Re: [Corpora-List] UPDATE: Corrected Word frequencies for a large corpus of recent USENET text, and full list of types. New query tool.

From: Cyrus Shaoul (cyrus.shaoul@ualberta.ca)
Date: Tue Sep 05 2006 - 08:45:39 MET DST

  • Next message: GREFENSTETTE Gregory 206823: "[Corpora-List] Second CFP Large-Scale Semantic Access to Content (Text, Image, Video and Sound) RIAO'2007"

    Adam Kilgarriff wrote:
    > Just a comment about this kind of resource: wouldn't it be better to make it
    > available as a searchable resource, allowing people to specify the searches
    > they wanted and check up on anomalous frequencies, rather than distributing
    > a frequency list which will inevitably raise many questions, for anyone
    > planning to seriously use it, which they won't be able to answer (at least
    > not without coming back to you, and their questions won't be your priority)
    >
    > Adam
    >
    >
    Good point, Adam.
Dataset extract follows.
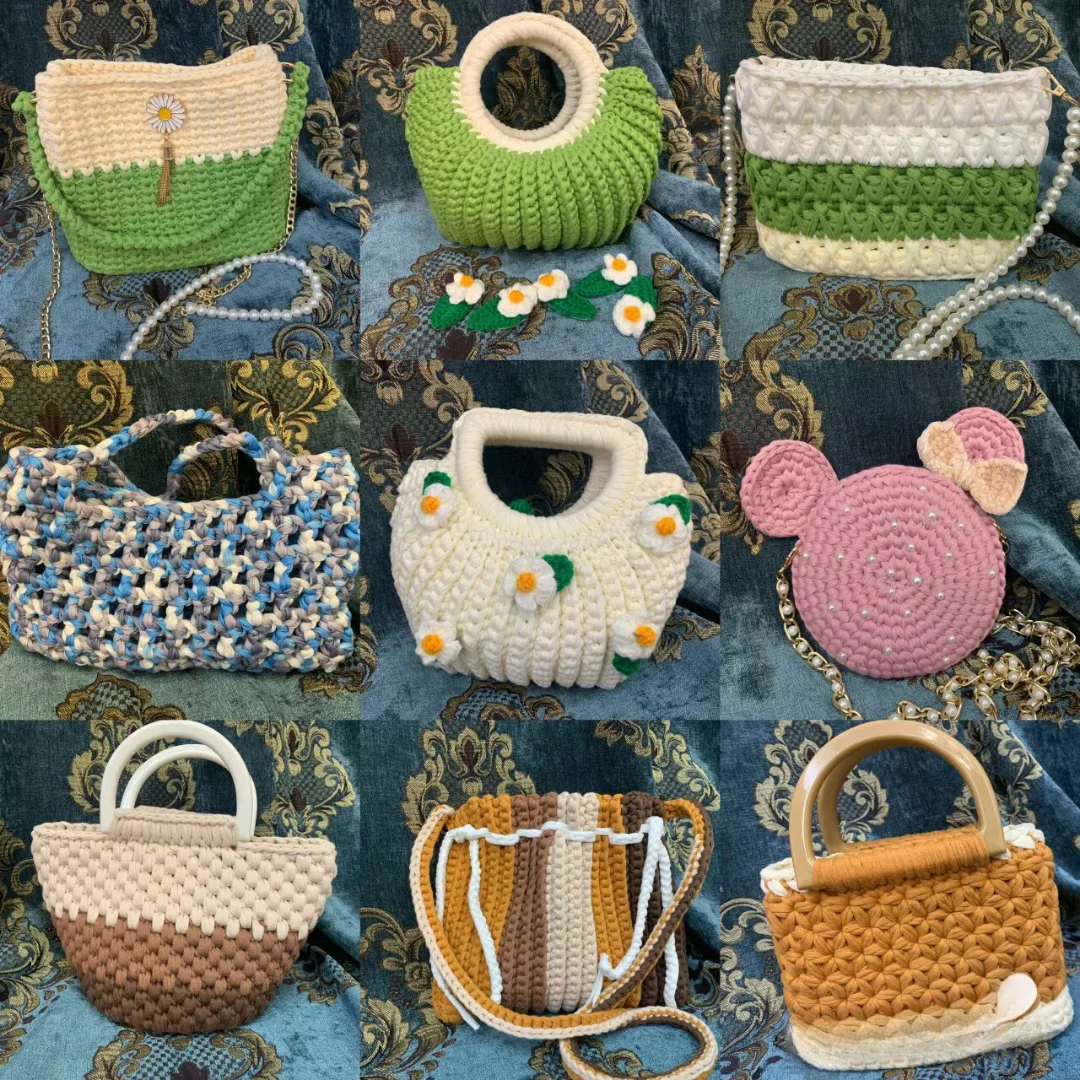 Fio de Malha T-Shirt 300g, 66  - Crochet Bag Raffia avaliação e preço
I have now made an interactive query tool available here:

        
    http://www.psych.ualberta.ca/~westburylab/downloads/wlallfreq.download.html

    It only allows one one-word query per submission, but I think it
    should be sufficient for most quick searches.

    Also, the type-list was a little too big for most usages, so I trimmed it down to words that
    appeared more than 20 times in the corpus (equivalent to words that appear more than 0.003 times per million).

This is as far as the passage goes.